Le
sbarre, la disperazione, lo studio. Quegli occhi pieni di felicità dopo un esame
superato
di
Cristina Podestà
Nell’estate
del 2015, ero commissario esterno di italiano per l'esame di stato anche nelle
carceri di Massa. Mai entrata in precedenza in un carcere, e il primo giorno rimasi
perplessa. Controlli, deposito di borse, pc, cellulare, il personale molto
serio ed educato ma distante, gli alunni adulti (chi più chi meno), diffidenti,
insomma un ambiente strano.
I
colleghi interni ci tenevano a far capire agli esterni che era tutto normale e
sotto controllo ma io, e non solo io, non ero serena. Poi, nei giorni a
seguire, tutto si sciolse. E, soprattutto gli alunni carcerati ci raccontarono
le loro esperienze di vita travagliata, le loro colpe, i nuovi progetti per
quando fossero usciti da lì.
Uno
di loro in particolare, il giorno della prova orale, piangeva forte.
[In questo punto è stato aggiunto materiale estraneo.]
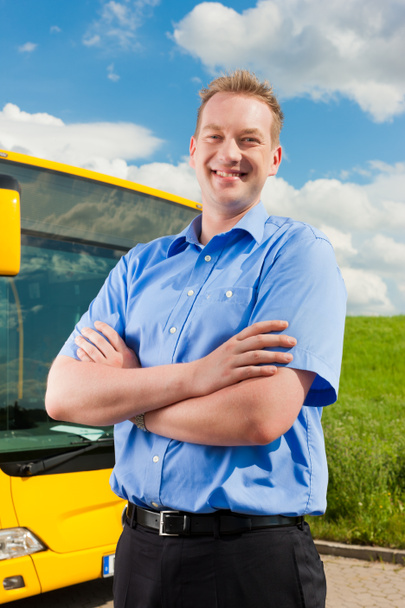Conductor delante de su autobús
 - Foto, Imagen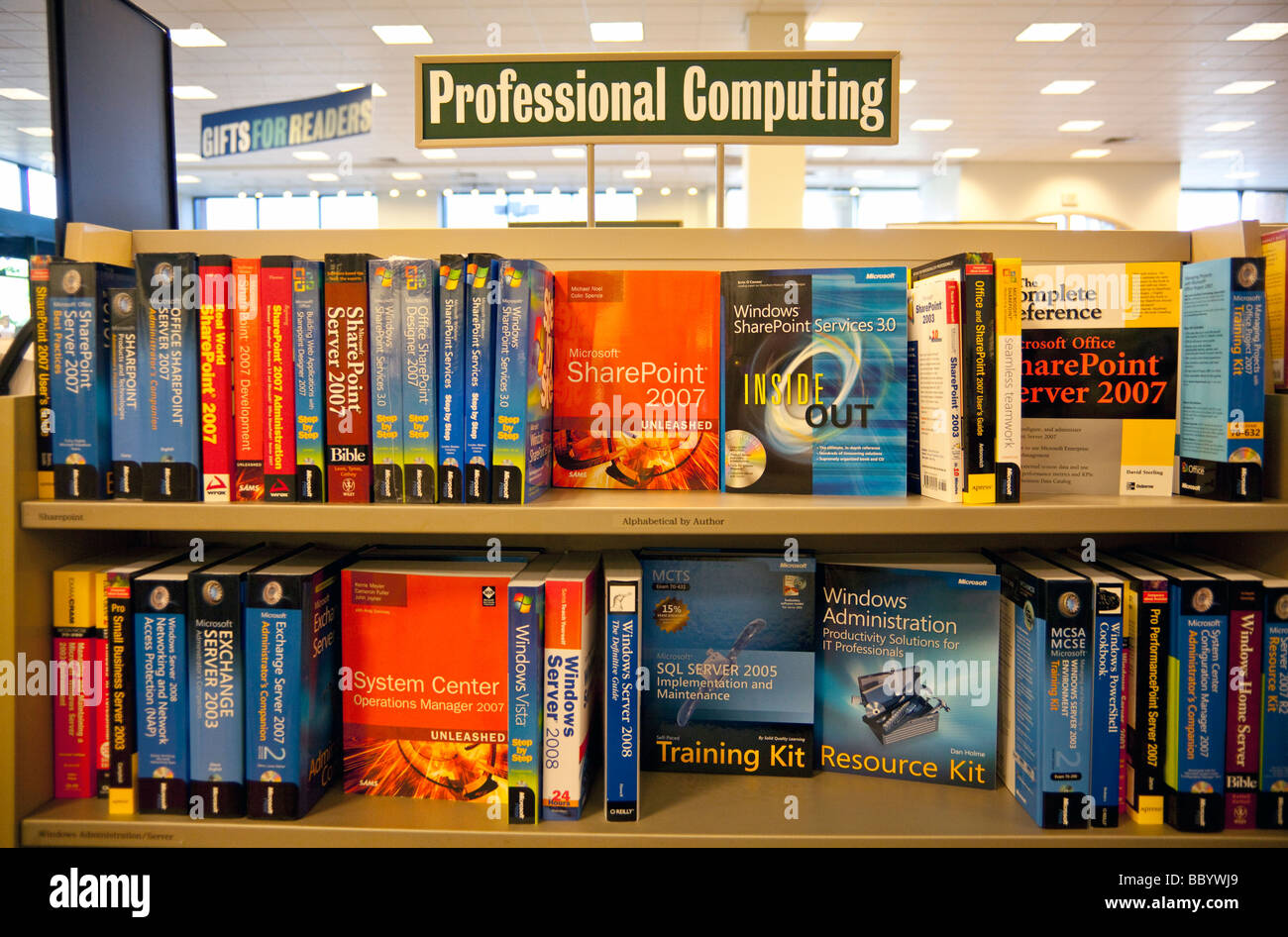 Computer-Bücher in den Regalen, Barnes &amp; Noble, USA Stockfoto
Mi
avvicinai e lui, chino sulle sbarre della finestra, rispose alle mie domande
dicendo che, se non avesse superato la prova in modo brillante, avrebbe perso
la pur minima fiducia che la figlia adolescente aveva riposto in lui e che era
stata proprio la ragazza a spronarlo allo studio.
Dalla
stanzetta guardavo fuori. E lui, accanto a me, in lacrime, di una sofferenza a
me sconosciuta ma reale e palpabile. L'esame andò abbastanza bene. Lui ci
ringraziò fino ad essere invadente, nei suoi occhi chiari lessi la felicità.
Massimiliano,
così si chiamava lo studente carcerato, mentre si appoggiava alle inferriate,
sembrava volerle torcere con la forza della disperazione.